EXERCISE AIM: Without the pictures, output all of the data exactly.

GIVEN DATA:
»»

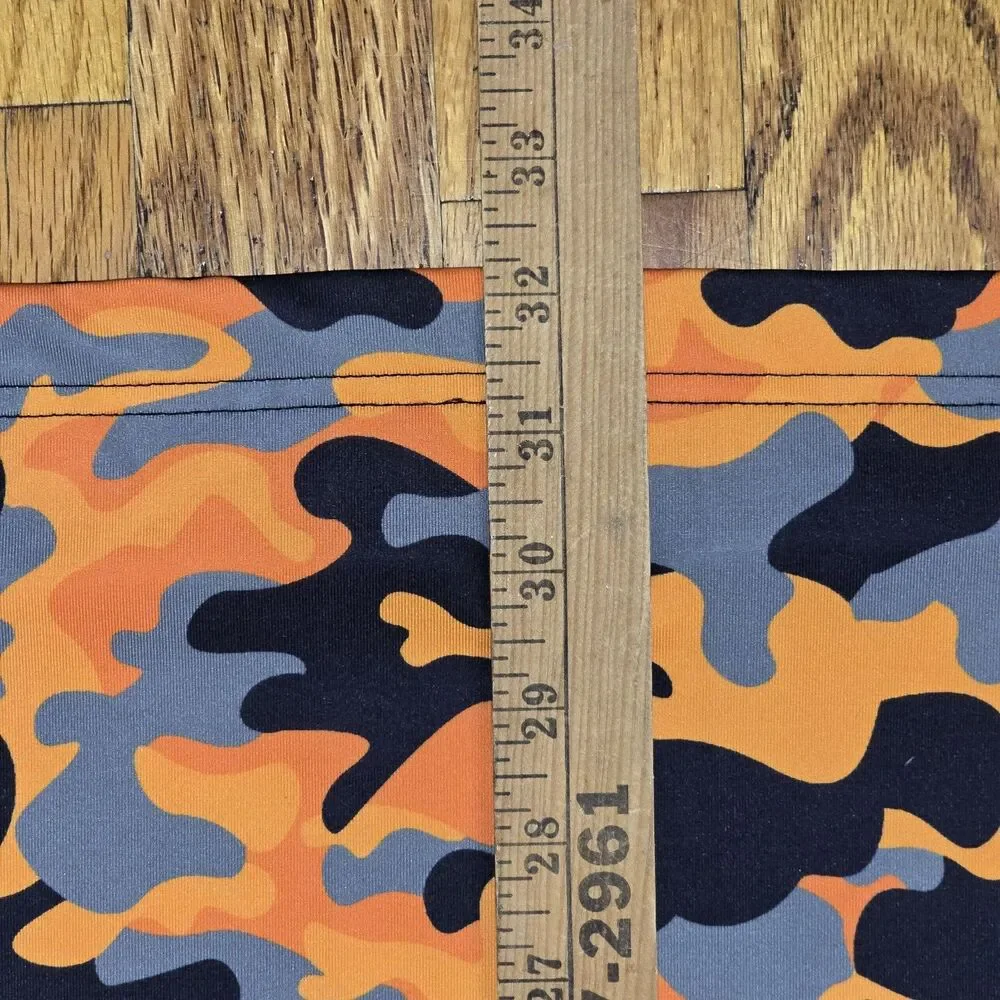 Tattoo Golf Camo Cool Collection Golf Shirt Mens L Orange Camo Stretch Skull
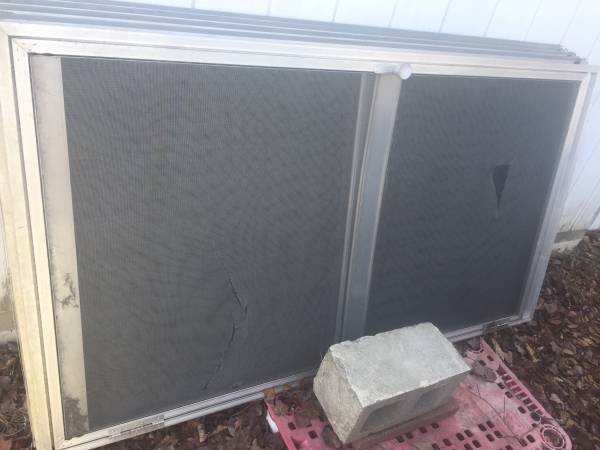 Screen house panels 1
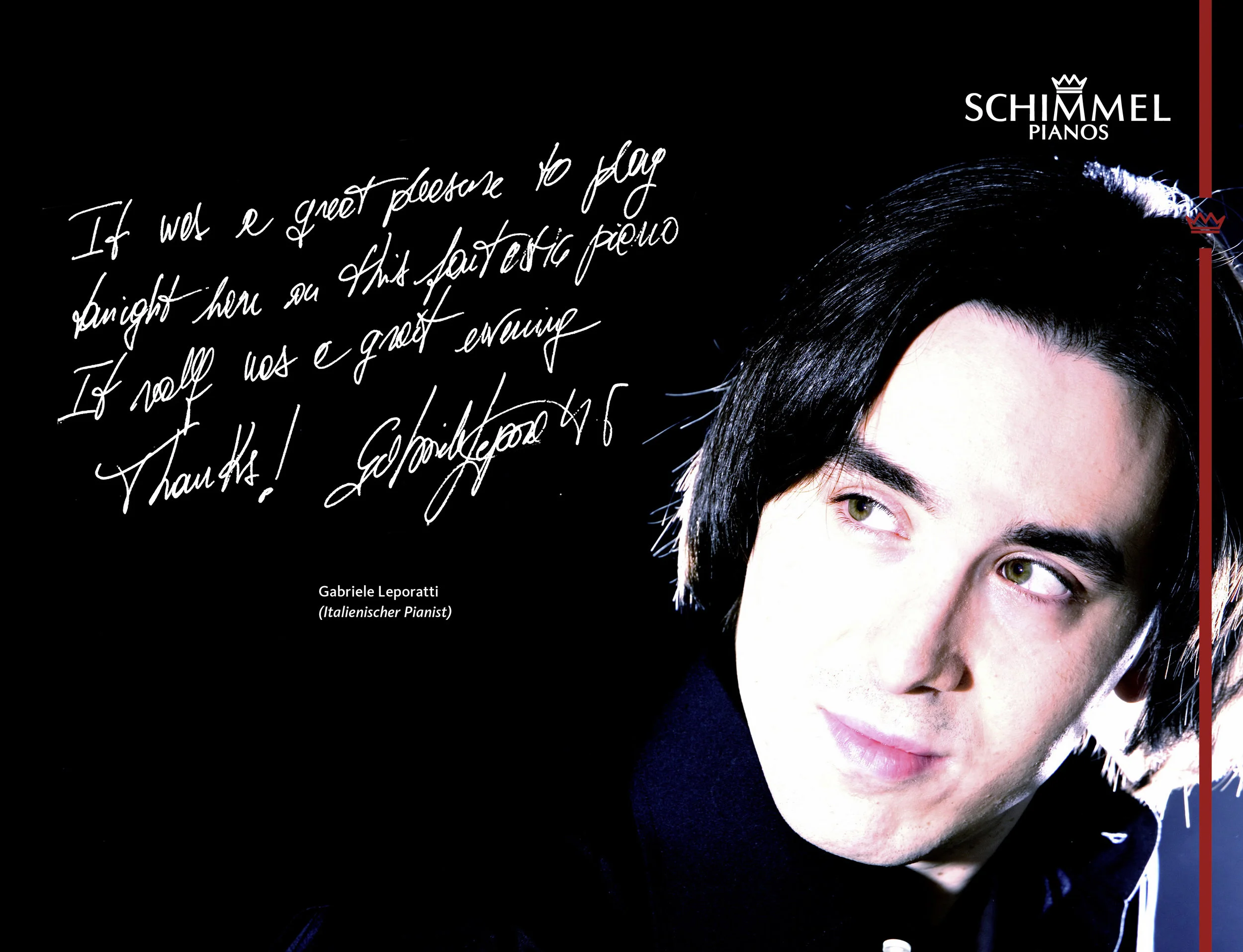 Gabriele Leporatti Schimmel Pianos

««

SOLUTION:
 Tattoo Golf Camo Cool Collection Golf Shirt Mens L Orange Camo Stretch Skull
 Screen house panels 1
 Gabriele Leporatti Schimmel Pianos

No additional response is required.